» TASK GOAL
Verbatim output of the lines below is required, with the images omitted.

═════ DATASET EXCERPT ═════

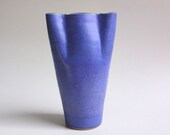 Tall Dutch Vase - 80s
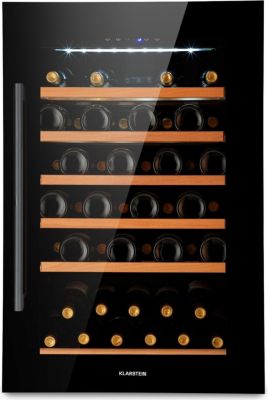 Cave à vin polyvalente KLARSTEIN Vinsider 52 Built-In Uno 52 bouteilles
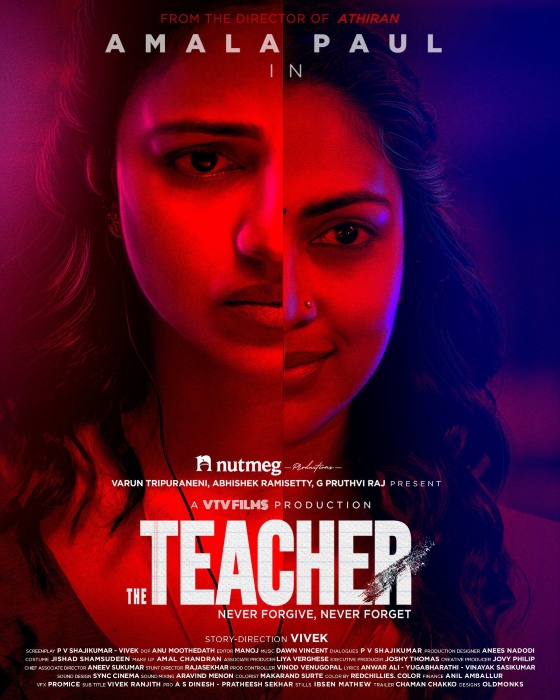 amala paul in teacher best malayalam actors 2022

═════

» EXERCISE RESPONSE
 Tall Dutch Vase - 80s
 Cave à vin polyvalente KLARSTEIN Vinsider 52 Built-In Uno 52 bouteilles
 amala paul in teacher best malayalam actors 2022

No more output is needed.